• EXERCISE AIM:
Report every line of the records below that includes the string "with".

[Excerpts from a dataset]

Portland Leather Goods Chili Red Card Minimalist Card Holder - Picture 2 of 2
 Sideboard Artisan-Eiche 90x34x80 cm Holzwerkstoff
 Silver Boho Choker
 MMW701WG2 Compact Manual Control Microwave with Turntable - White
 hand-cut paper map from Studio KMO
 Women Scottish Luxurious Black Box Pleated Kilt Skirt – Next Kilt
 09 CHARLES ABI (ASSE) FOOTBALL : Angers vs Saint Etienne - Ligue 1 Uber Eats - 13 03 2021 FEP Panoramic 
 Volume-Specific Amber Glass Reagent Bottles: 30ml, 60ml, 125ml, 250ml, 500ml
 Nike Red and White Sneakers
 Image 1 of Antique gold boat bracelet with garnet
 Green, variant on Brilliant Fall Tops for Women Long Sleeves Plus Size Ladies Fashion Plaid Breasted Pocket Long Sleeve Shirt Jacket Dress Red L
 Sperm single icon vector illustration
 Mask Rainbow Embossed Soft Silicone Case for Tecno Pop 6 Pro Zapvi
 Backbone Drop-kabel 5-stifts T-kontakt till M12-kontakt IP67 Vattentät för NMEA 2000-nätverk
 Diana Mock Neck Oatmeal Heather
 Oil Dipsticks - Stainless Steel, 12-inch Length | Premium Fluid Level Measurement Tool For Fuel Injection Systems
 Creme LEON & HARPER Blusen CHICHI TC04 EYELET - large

• SOLUTION TO THIS EXERCISE:
 MMW701WG2 Compact Manual Control Microwave with Turntable - White
 Image 1 of Antique gold boat bracelet with garnet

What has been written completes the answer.